Stored data:
═══

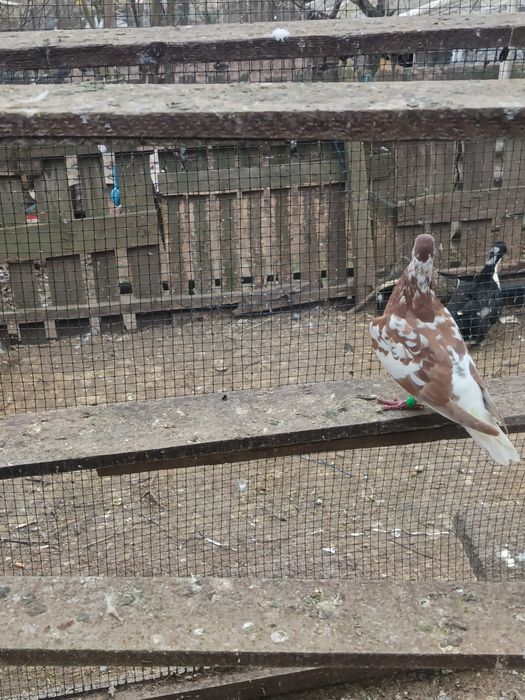 Voiajori  Meulemans de vânzare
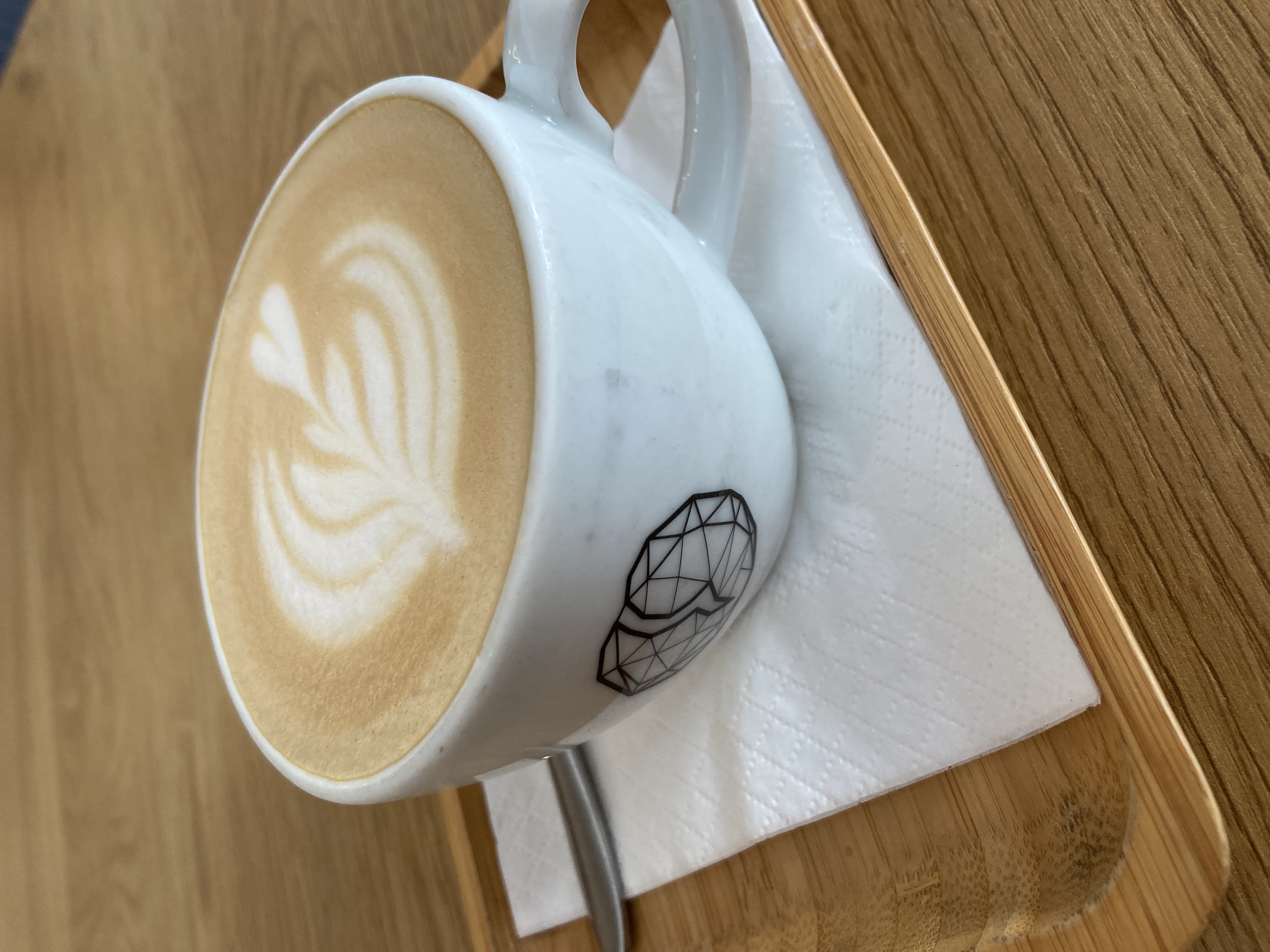 Fíkus kafe foto 5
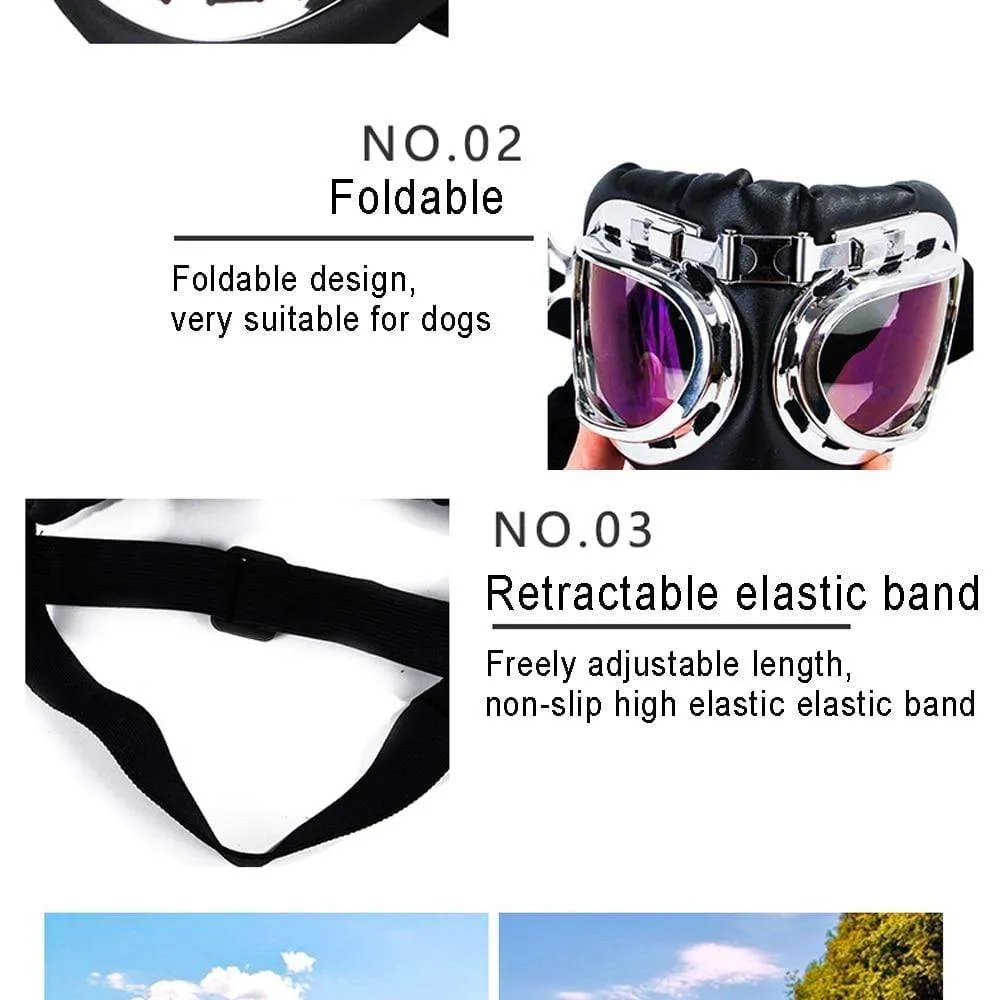 CSG Dog Sunglasses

═══

Requirement:
Output the material word for word, and keep the pictures out.

Output of the task:
 Voiajori  Meulemans de vânzare
 Fíkus kafe foto 5
 CSG Dog Sunglasses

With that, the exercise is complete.